- TASK TO CARRY OUT:
Copy exactly the lines of the records below, and only those lines, beginning with the line that contains "Interne Ansicht der" and ending with the line that contains "WA-WC7032 Wallet Chain".

- SUPPLIED MATERIAL:
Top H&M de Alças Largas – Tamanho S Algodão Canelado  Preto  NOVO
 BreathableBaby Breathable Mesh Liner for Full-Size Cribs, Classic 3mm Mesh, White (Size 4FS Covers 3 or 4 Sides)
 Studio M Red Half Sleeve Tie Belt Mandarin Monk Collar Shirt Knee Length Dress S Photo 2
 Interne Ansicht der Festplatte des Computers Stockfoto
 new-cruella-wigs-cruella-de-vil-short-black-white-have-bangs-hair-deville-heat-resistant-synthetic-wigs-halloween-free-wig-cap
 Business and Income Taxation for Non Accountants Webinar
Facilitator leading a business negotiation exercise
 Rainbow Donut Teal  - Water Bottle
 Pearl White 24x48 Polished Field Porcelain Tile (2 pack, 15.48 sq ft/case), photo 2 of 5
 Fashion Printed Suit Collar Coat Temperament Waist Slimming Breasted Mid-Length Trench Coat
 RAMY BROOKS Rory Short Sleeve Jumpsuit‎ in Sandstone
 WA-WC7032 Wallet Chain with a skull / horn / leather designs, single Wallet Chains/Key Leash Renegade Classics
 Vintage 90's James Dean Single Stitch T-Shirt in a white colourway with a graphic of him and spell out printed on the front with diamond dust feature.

- RESPONSE FOR THIS EXERCISE:
 Interne Ansicht der Festplatte des Computers Stockfoto
 new-cruella-wigs-cruella-de-vil-short-black-white-have-bangs-hair-deville-heat-resistant-synthetic-wigs-halloween-free-wig-cap
 Business and Income Taxation for Non Accountants Webinar
Facilitator leading a business negotiation exercise
 Rainbow Donut Teal  - Water Bottle
 Pearl White 24x48 Polished Field Porcelain Tile (2 pack, 15.48 sq ft/case), photo 2 of 5
 Fashion Printed Suit Collar Coat Temperament Waist Slimming Breasted Mid-Length Trench Coat
 RAMY BROOKS Rory Short Sleeve Jumpsuit‎ in Sandstone
 WA-WC7032 Wallet Chain with a skull / horn / leather designs, single Wallet Chains/Key Leash Renegade Classics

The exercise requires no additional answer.